YOGYAKARTA, Suara Muhammadiyah-Nama ‘Klithih’ kembali menjadi perbincangan publik Yogyakarta. Sekumpulan remaja yang kerap melakukan tindakan kekerasan itu telah beberapa kali melakukan aksi brutal. Kasus terakhir, siswa SMA 1 Muhammadiyah Yogyakarta (MUHI), Adnan Wirawan Ardiyanta, yang menjadi salah satu korban kekerasan geng ‘Klitih’, akhirnya meninggal dunia. Korban mengalami tusukan di bagian perut hingga merobek ginjalnya.
Ketua Majelis Pustaka dan Informasi (MPI) PWM DIY, Robby Habiba Abror menyatakan rasa prihatin dengan aksi kekerasan yang terjadi di wilayah Yogyakarta belakangan ini. “Kekerasan itu bisa disebabkan oleh banyak hal, seperti dampak negatif mengakses tontonan kekerasan, pornografi, salah dalam pergaulan, bullying, watak agresi reaktif dan sikap brutal yang di antaranya terkadang malah dipelihara atau diciptakan bahkan sejak kecil di lingkungan tertentu,” ujarnya.

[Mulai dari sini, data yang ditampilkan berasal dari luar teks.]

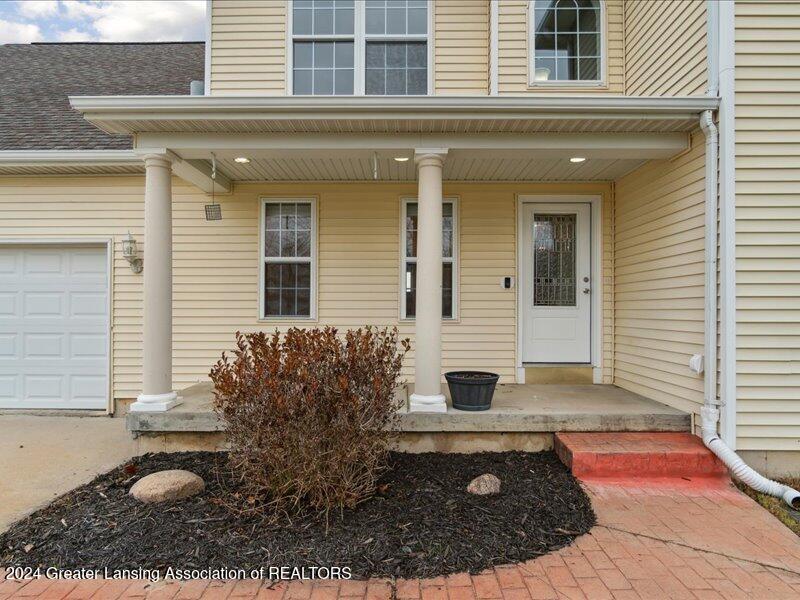 7741 E Clarksville Road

Kekerasan, kata Robby, juga dapat terjadi karena ketidakberdayaan seseorang dalam mengatasi masalahnya sendiri. Gagal memahami kemajuan atau perbedaan di luar diri atau kelompoknya, dan menolak nilai-nilai moral.
“Kekerasan bisa terjadi kapan saja dan di mana saja dengan maksud dan tujuan atau motif yang bermacam-macam pula, bisa agama, politik, ideologi, ekonomi, ataupun budaya,” tutur ketua prodi Filsafat Agama UIN Sunan Kalijaga itu.
Menurutnya, tindakan menghilangkan nyawa seseorang itu, dalam bahasa agama, sama dengan membunuh seluruh umat manusia dan melenyapkan masa depan serta harapan-harapan mereka. “Maka pantas dihukum secara tegas dan seadil-adilnya,” ujarnya. Bahkan bisa melalui hukumam qishash.
Sebagai solusi jangka panjang, Robby menyatakan perlu multi pendekatan untuk mengatasi aksi barbar dan tidak berperikemanusiaan ini. Pertama, para pemangku kekuasaan berkomitmen untuk menegaskan bahwa bikin onar dan rusuh harus dihukum seberat-beratnya, apalagi sampai jatuh korban jiwa meninggal dunia. Dengan agama, bisa mulai diajukan hukuman qishash. Dengan teknologi, dapat memperbanyak cctv seperti dilakukan di banyak kota besar di luar negeri sehingga aparat dapat bertindak preventif dan tangkas.
Selain itu juga perlu melarang siswa menjadi anggota geng di semua sekolah dan memberi sanksi sangat keras bagi yang terlibat. Untuk hal ini kepala sekolah, guru dan siswa sekolah harus dijamin keselamatannya oleh pihak kepolisian. Karena selama ini banyak yang mengeluh mendapatkan ancaman tapi tidak berani melaporkan.
“Pemerintah provinsi dan daerah harus mulai berani menegakkan peraturan syariah tentang haramnya miras, narkoba dan tempat-tempat maksiat yang makin menjamur di Yogyakart. Ini jika ingin berniat benar-benar mencintai anak-anak bangsa ini dan masa depan mereka,” tutupnya (Ribas).